Why “pastor” (from their initial motivation to firm conviction)?
The pastoral work of the Church is necessary:
John 14:5 Lord, we do not know where you are going, how can we know the way?
Acts 8:31 How can I understand unless someone guides me?
Romans 8:26 For we do not know how to pray as we ought.
Romans 10:14 And how are they to hear without a preacher?
Pastoring is necessary because they don’t know how to live. The community of the faithful is to provide information, formation, and a sincere and open witness to the life of charity.
Confidentiality in the Process
Confidentiality is a crucial prerequisite to and hallmark of pastoring in the catechumenal process.

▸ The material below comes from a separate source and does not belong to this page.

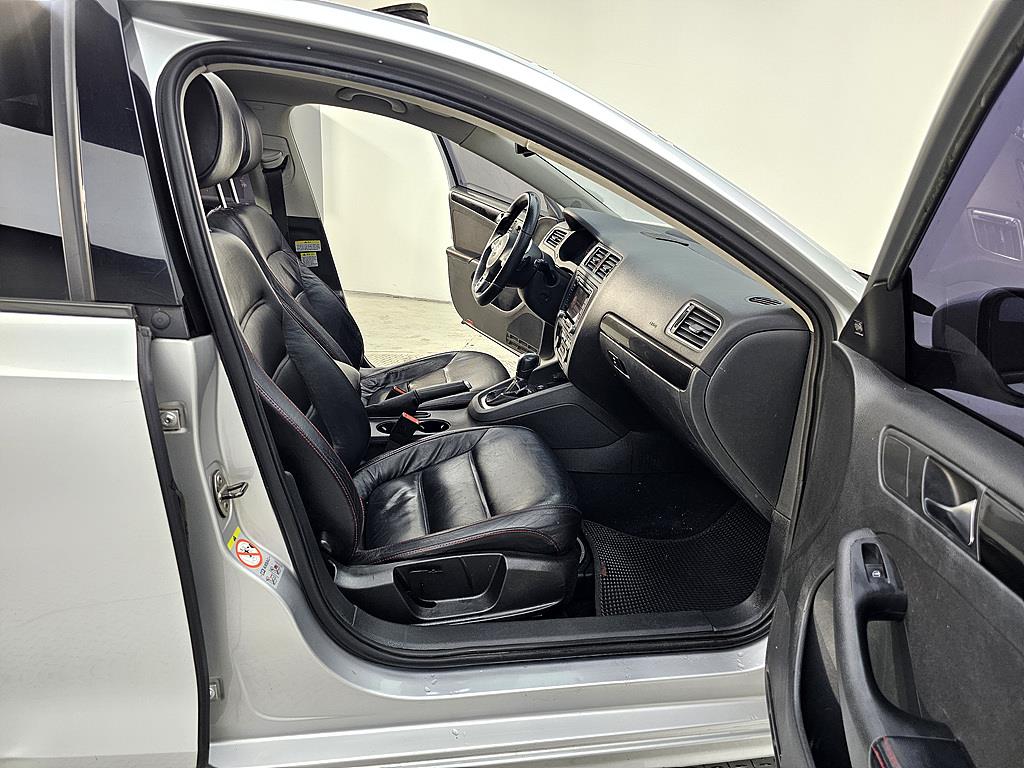 Volkswagen Jetta - Vista 11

- Members of the team must be people in whom the candidates and catechumens can confide
- The conversion process may involve crises and battling with very personal and painful issues
- The principle that should govern pastoral activity is the virtue of prudence (CCC 1806)
- Obtaining intercessors to pray for troubled participants is vital; this does not necessitate revealing much information
Use of the Adult Learning Model
The adult learning model in relationship to pastoring includes:
- Creating an atmosphere comprised of adult Catholics who are prepared to accept inquirers where they are, and to open their lives to them;
- Using small groups to foster relationships and dialogue;
- Providing witness to the Christian life so that the application of a session is immediately evident – avoid ‘stacking-up’ information that adults cannot make use of in their lives – always connect right belief with right practice;
- Giving attention to providing liturgical experiences and opportunities for apostolic service in the context of the Christian community;
- Planning for the fact that participants will have difficulties and crises; such situations are often a sign of developing conversion.

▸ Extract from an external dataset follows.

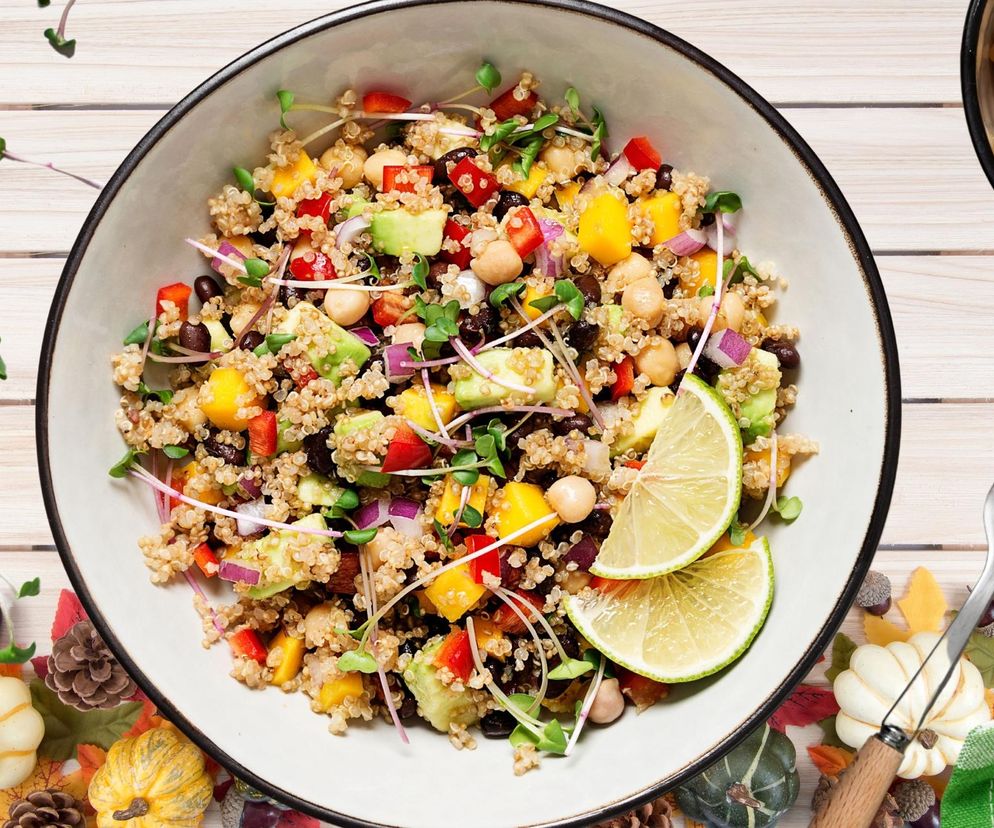 Jak schudnąć bez głodu? Ta sałatka z fasolą to klucz do sukcesu!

The Period of the Precatechumenate
During this period inquirers “should receive help and attention” so that they may:
- Purify their intentions
- Clarify their desire to cooperate with God’s grace (see RCIA 38)
 Whatever their original reason for beginning, it is a good one. It must be cultivated and encouraged so that they can come to the conviction that they cannot imagine living the rest of their lives outside of the Church. Changes in lifestyle should accompany this period as folks turn away from sinful patterns and turn toward God in Christ. The following signs should mark this period:
- Evidence of first faith manifested in repentance
- Interest in a prayer life
- Growing desire to study and learn what God has revealed
- A sense of the Church (see RCIA 42)
 This is the time to include many varied testimonies of faith and the Christian life. It is also the time to connect inquirers to parishioners who could become friends. Sponsors should be chosen with care taken to train them to be companions on the journey. Intercession for the individual inquirers should begin.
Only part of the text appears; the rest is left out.